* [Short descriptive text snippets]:
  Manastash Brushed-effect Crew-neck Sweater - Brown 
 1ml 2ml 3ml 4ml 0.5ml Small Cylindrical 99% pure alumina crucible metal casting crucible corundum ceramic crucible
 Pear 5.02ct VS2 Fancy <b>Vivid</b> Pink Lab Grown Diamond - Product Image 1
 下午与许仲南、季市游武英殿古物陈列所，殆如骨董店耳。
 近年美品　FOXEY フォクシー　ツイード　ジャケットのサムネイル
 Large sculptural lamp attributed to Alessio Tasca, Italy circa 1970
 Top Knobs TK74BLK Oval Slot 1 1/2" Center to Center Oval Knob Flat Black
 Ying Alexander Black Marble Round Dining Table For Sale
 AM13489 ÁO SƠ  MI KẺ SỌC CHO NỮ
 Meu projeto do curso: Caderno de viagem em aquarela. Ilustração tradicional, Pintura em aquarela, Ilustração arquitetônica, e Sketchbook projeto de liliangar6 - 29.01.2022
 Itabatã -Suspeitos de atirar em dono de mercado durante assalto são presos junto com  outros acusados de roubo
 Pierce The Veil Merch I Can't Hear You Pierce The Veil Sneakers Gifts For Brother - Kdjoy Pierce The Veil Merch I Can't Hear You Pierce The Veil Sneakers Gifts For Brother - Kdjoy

--

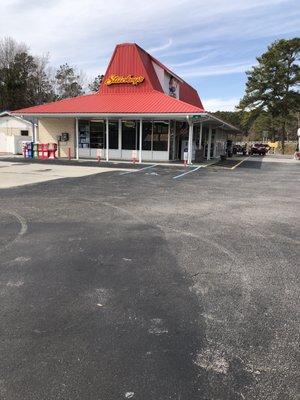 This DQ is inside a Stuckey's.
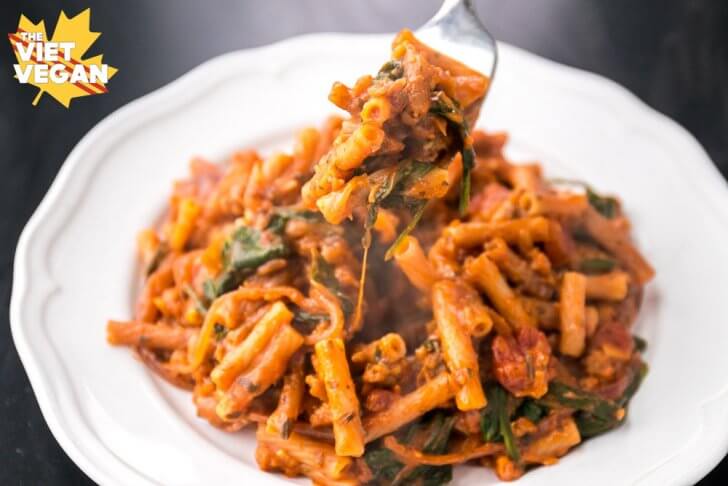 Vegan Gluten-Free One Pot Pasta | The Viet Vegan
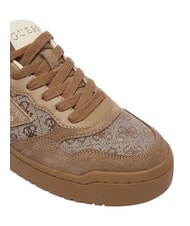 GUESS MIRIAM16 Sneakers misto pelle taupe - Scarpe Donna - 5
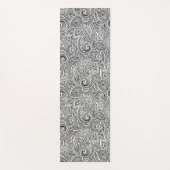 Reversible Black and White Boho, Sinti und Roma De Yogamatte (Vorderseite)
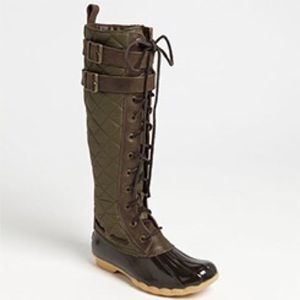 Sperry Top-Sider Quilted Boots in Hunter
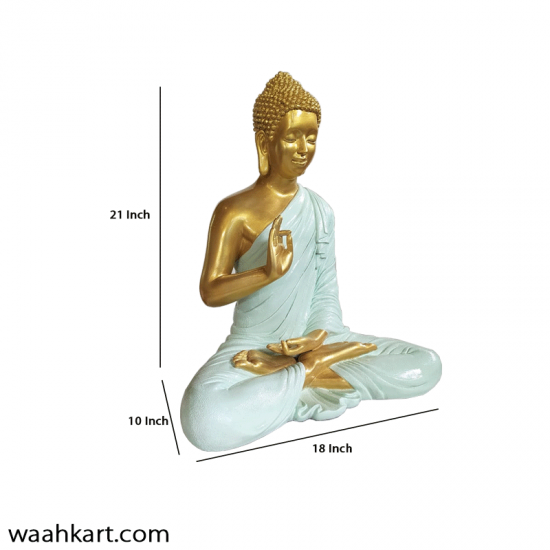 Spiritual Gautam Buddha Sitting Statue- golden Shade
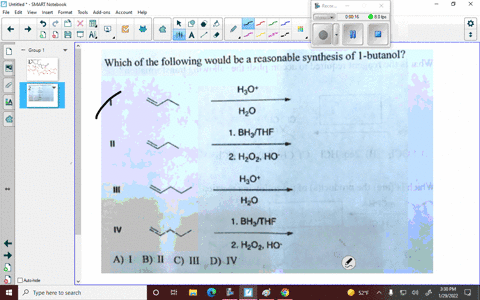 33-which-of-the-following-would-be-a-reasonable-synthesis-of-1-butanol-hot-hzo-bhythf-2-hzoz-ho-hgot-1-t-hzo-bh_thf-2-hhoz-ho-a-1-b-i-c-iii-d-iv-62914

* [Assigned task]:
Reproduce verbatim the lines above, from the line with "Large sculptural lamp" through the line with "- Kdjoy Pierce".

* [Solution to the exercise]:
 Large sculptural lamp attributed to Alessio Tasca, Italy circa 1970
 Top Knobs TK74BLK Oval Slot 1 1/2" Center to Center Oval Knob Flat Black
 Ying Alexander Black Marble Round Dining Table For Sale
 AM13489 ÁO SƠ  MI KẺ SỌC CHO NỮ
 Meu projeto do curso: Caderno de viagem em aquarela. Ilustração tradicional, Pintura em aquarela, Ilustração arquitetônica, e Sketchbook projeto de liliangar6 - 29.01.2022
 Itabatã -Suspeitos de atirar em dono de mercado durante assalto são presos junto com  outros acusados de roubo
 Pierce The Veil Merch I Can't Hear You Pierce The Veil Sneakers Gifts For Brother - Kdjoy Pierce The Veil Merch I Can't Hear You Pierce The Veil Sneakers Gifts For Brother - Kdjoy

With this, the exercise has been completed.